◆ **THE TASK**: Restate all the entries exactly as they appear, apart from the pictures.
○ ○ ○ ○ ○ ○ ○
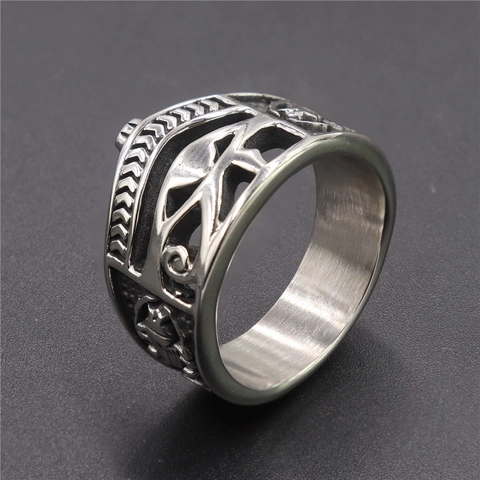 Anello Uomo Acciaio Inossidabile Egizio Occhio Di Horus Croce Ankh Retro Vintage Punk Stile Gioielli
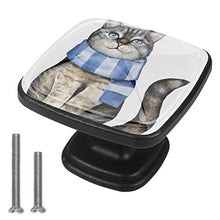 gattino vestito con sciarpa lavorata a maglia a righe tessili blu Pomelli per Porta 4 Pezzi Manopole per Mobili da Cucina Pomelli per Mobili Pomelli Per Cassetti/Cucina/Armadio Antichi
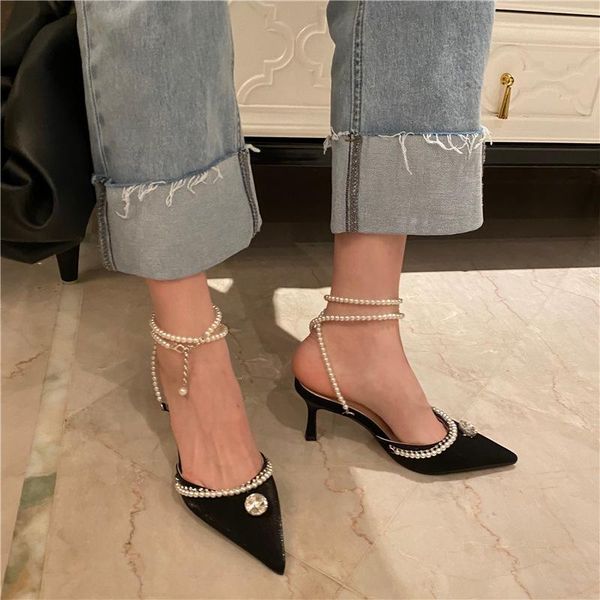 

female shoes string bead thin heels cover toe heeled mules ladies' slippers luxury slides jelly flip flops 2021 high designer, Black
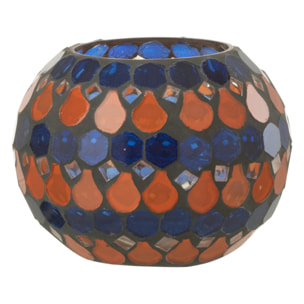 J-Line photophore Mosaic Goutte Verre Orange/Bleu - small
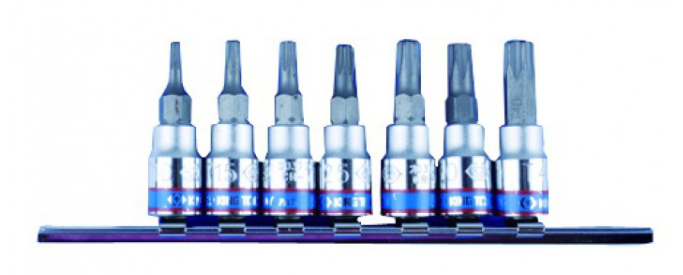 Kingtony 7 RÉSZES 1/4˝-OS FURATOS TORX BITFEJKÉSZLET SÍNEN 2107PR termék fő termékképe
○ ○ ○ ○ ○ ○ ○
◆ **YOUR SOLUTION**:
 Anello Uomo Acciaio Inossidabile Egizio Occhio Di Horus Croce Ankh Retro Vintage Punk Stile Gioielli
 gattino vestito con sciarpa lavorata a maglia a righe tessili blu Pomelli per Porta 4 Pezzi Manopole per Mobili da Cucina Pomelli per Mobili Pomelli Per Cassetti/Cucina/Armadio Antichi

female shoes string bead thin heels cover toe heeled mules ladies' slippers luxury slides jelly flip flops 2021 high designer, Black
 J-Line photophore Mosaic Goutte Verre Orange/Bleu - small
 Kingtony 7 RÉSZES 1/4˝-OS FURATOS TORX BITFEJKÉSZLET SÍNEN 2107PR termék fő termékképe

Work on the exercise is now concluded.